As regular readers of this diary might recall, I've got a thing for books about con men. Perhaps I'd be better served by reading jeremiads about how America's working class supports the wrong party because they don't know really know what's good for them. But the righteous anger just doesn't seem to materialize. Suggest a work in which a "rogue economist" unravels the what marketing copy so uniquely calls "the riddles of everyday life" by applying some good old reductive logic to them – or, as the marketing copy puts it "through devilishly clever and clear-eyed thinking, see through all the clutter," and you'll find me and Ms. Sleepy-Time in the far corner, getting better acquainted. On the other hand, tell me you've got a book about a two mall garage guards who managed to convince thousands of Americans to give them money to free imprisoned missionaries in the utterly fictional jungle kingdom of Pongo-Pongo and you have my complete attention.
I travel through life with blinders on, I know.
Still, I get my fill of schemers and frauds and I like to think, in some small way, it gives me, in a way, models of people who, through devilishly clever and clear-eyed thinking, see through all the clutter.
There is, however, a curious subset of con men who, though clearly engaged in some sort of profitable impossibility, might not be conning anybody in the strictest sense. That is to say: if they believe their shit, can they really be called a con man?
The case in point: rainmaker Charles Hatfield.
Depending on your point of view Hatfield is either a crank whose misunderstandings of science caught up the equally ignorant, a clever schemer who exploited a desperate community, or a "rogue" inventor responsible for one of the greatest natural disasters in the history of San Diego.

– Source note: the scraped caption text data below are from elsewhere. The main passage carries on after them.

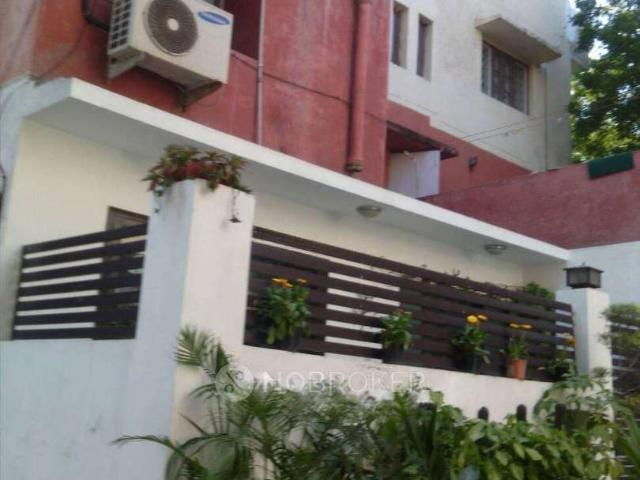1 RK Flat In B 9 Vasanath Apartments for Rent In Vasant Kunj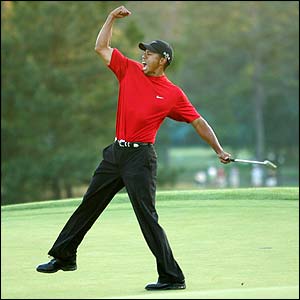 tiger_woods_fist_pump.jpg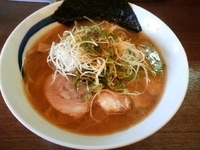 「中華そば+辛味ねぎ」@中華そば うづまきの写真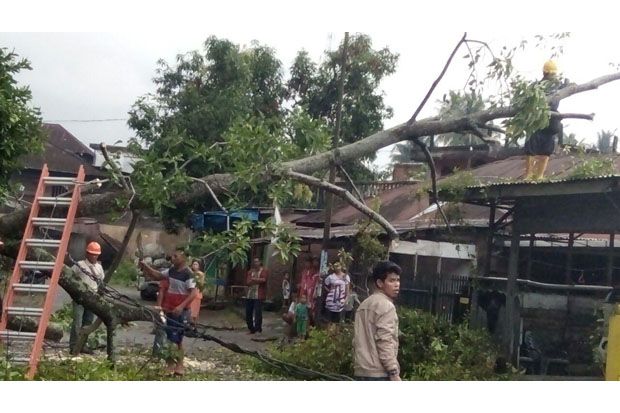 Sejumlah Rumah di Kampung...
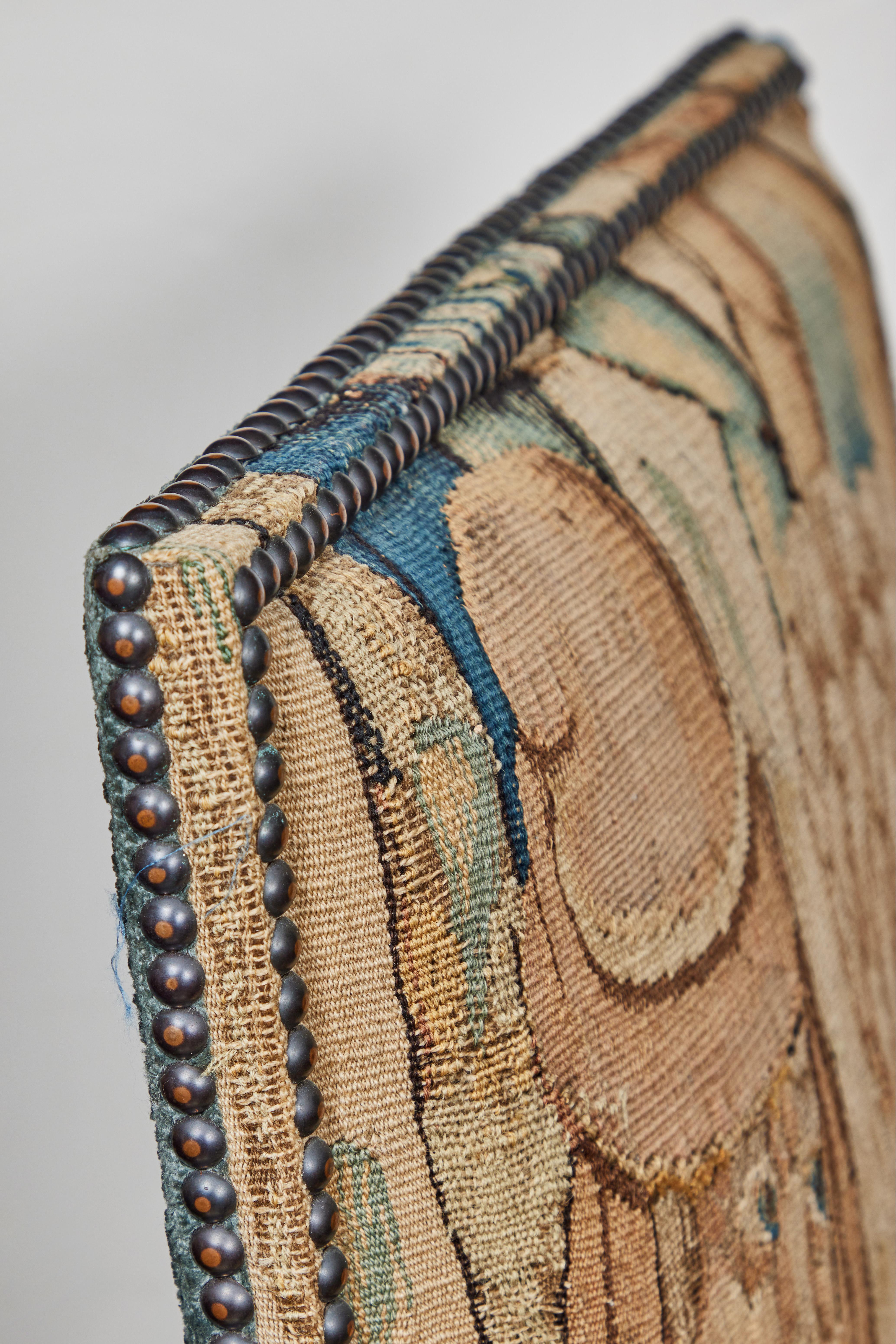 Coton Fauteuils français anciens recouverts de tapisserie en vente
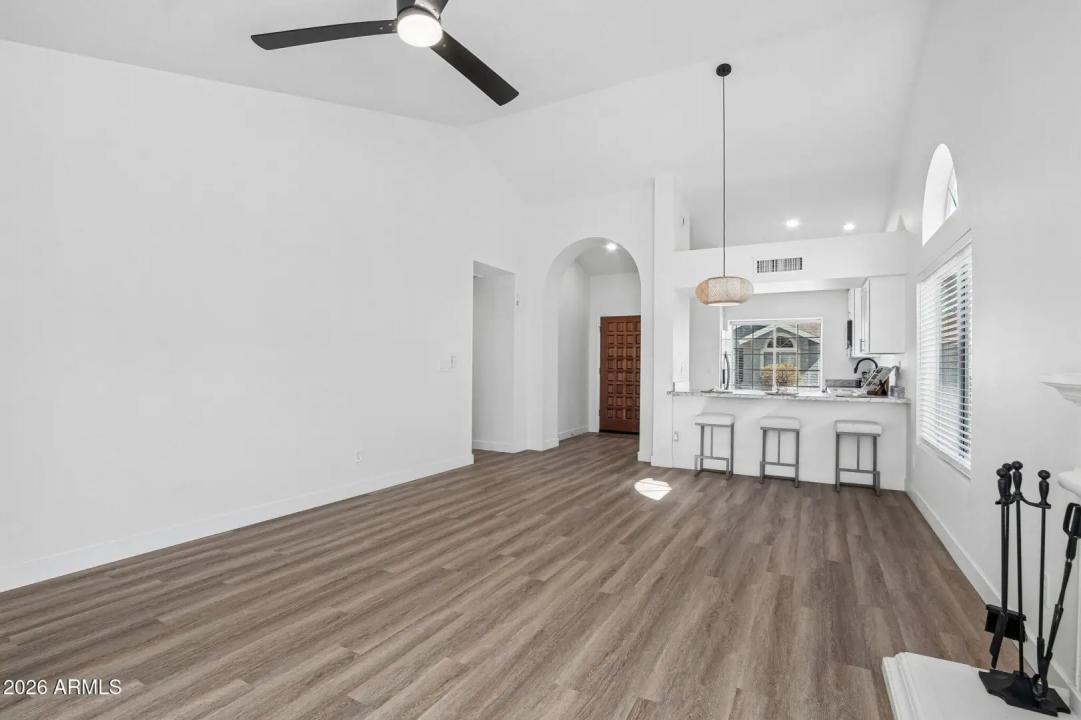 Real Estate Picture 10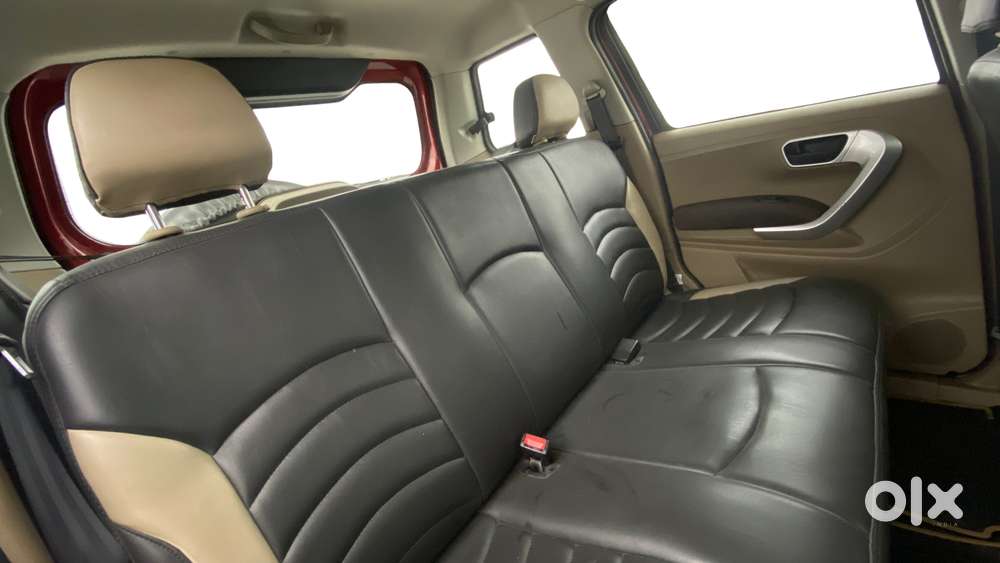 Mahindra Tuv 300 T8 Amt, 2016, Diesel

In 1915, the City Council of San Diego contacted Hatfield about making a little rain. San Diego, many southern California towns, had chronic water shortages. Water was a precious resource and towns were at the mercy of a handful of water barons. San Diego had built a reservoir and system of dams to supply the city, but a severe draught had left the new water system bone dry. Faced with shelling out a king's ransom to the water barons or taking a chance on the rainmaker, they figured they might as well take the long shot. Hatfield always worked on a "no rain, no pay" basis. If Hatfield didn't make the agreed upon inch-mark, then the city could send him packing without dropping a red cent his way. It was win-win: either they got the water a fraction of the cost the water barons would charge or they didn't lose a cent and paid what they would have had to pay the barons in the first place.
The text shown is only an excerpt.